First, we start off with the lowly condor_starter on any worker node with an network connection (to simplify things, I didn't draw the other condor processes involved):
By default, all processes on the node are in the same network namespace (labelled the "System Network Namespace" in this diagram). We denote the network interface with a box, and assume it has address 192.168.0.1.
Next, the starter will create a pair of virtual ethernet devices. We will refer to them as pipe devices, because any byte written into one will come out of the other - just how a venerable Unix pipe works:
By default, the network pipes are in a down state and have no IP address associated with them. Not very useful! At this point, we have some decisions to make: how should the network pipe device be presented to the network? Should it be networked at layer 3, using NAT to route packets? Or should we bridge it at layer 2, allowing the device to have a public IP address?
Really, it's up to the site, but we assume most sites will want to take the NAT approach: the public IP address might seem useful, but would require a public IP for each job. To allow customization, all the routing is done by a helper script, but provide a default implementation for NAT. The script:
- Takes two arguments, a unique "job identifier" and the name of the network pipe device.
- Is responsible for setting up any routing required for the device.
- Must create an iptables chain using the same name of the "job identifier".
- Each rule in the chain will record the number of bytes matched; at the end of the job, these will be reported in the job ClassAd using an attribute name identical to the comment on the rule.
- On stdout, returns the IP address the internal network pipe should use.

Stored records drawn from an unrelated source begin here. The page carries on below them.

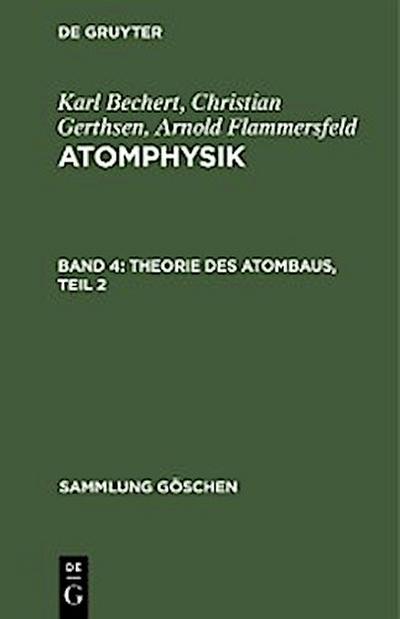 Theorie des Atombaus, Teil 2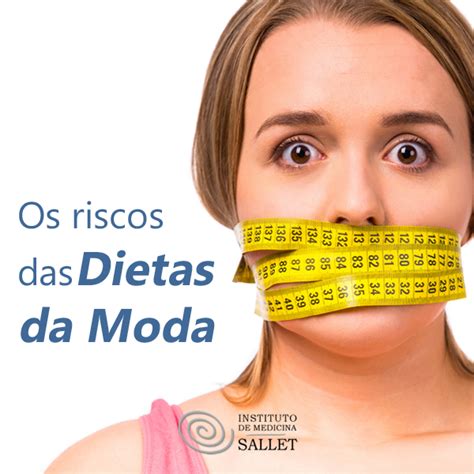 Os Riscos Das Dietas Da Moda Instituto De Medicina Sallet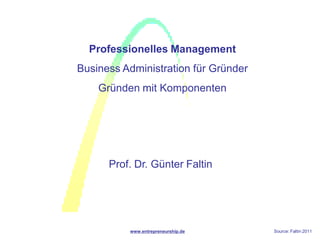 Professionelles Management
Business Administration für Gründer
    Gründen mit Komponenten




      Prof. Dr. Günter Faltin




          www.entrepreneurship.de     Source: Faltin 2011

Next, the starter forks a separate process in a new network namespace using the clone() call with the CLONE_NEWNET flag. Notice that, by default, no network devices are accessible in the new namespace:
Next, the external starter will pass one side of the pipe to the other namespace; the internal stater will do some minimal configuration of the device (default route, IP address, set the device to the "up" status):
Finally, the starter exec's to the job. Whenever the job does any network operations, the bytes are routed via the internal network pipe, come out the external network pipe, and then are NAT'd to the physical network device before exiting the machine.
As mentioned, the whole point of the exercise is to do network accounting. Since all packets go through one device, Condor can read out all the activity via iptables. The "helper script" above will create a unique chain per job. This allows some level of flexibility; for example, the chain below allows us to distinguish between on-campus and off-campus packets:
Chain JOB_12345 (2 references) pkts bytes target prot opt in out source destination 0 0 ACCEPT all -- veth0 em1 anywhere 22.214.171.124/16 /* OutgoingInternal */ 0 0 ACCEPT all -- veth0 em1 anywhere !126.96.36.199/16 /* OutgoingExternal */ 0 0 ACCEPT all -- em1 veth0 188.8.131.52/16 anywhere state RELATED,ESTABLISHED /* IncomingInternal */ 0 0 ACCEPT all -- em1 veth0 !184.108.40.206/16 anywhere state RELATED,ESTABLISHED /* IncomingExternal */ 0 0 REJECT all -- any any anywhere anywhere reject-with icmp-port-unreachable
Thus, the resulting ClassAd history from this job will have an attribute for NetworkOutgoingInternal, NetworkOutgoingExternal, NetworkIncomingInternal, and NetworkIncomingInternal. We have an updated Condor Gratia probe that looks for Network* attributes and reports them appropriately to the accounting database.
Thus, we have byte-level network, allowing us to answer the age-old question of "how much would a CMS T2 cost on Amazon EC2?". Or perhaps we could answer "how much is a currently running job going to cost me?" Matt has pointed out the network setup callout could be used to implement security zones, isolating (or QoS'ing) jobs of certain users at the network level. There are quite a few possibilities!
We'll definitely be returning to this work mid-2012 when the local T2 is based on SL6, and this patch can be put into production. There will be some further engagement with the Condor team to see if they're interested in taking the patch. The Gratia probe work to manage network information will be interesting upstream too. Finally, I encourage interested readers to take a look at the github branch. The patch itself is a tour-de-force of several dark corners of Linux systems programming (involves using clone, synchronization between processes with pipes, sending messages to the kernel via netlink to configure the routing, and reading out iptables configurations using C). It was very rewarding to implement!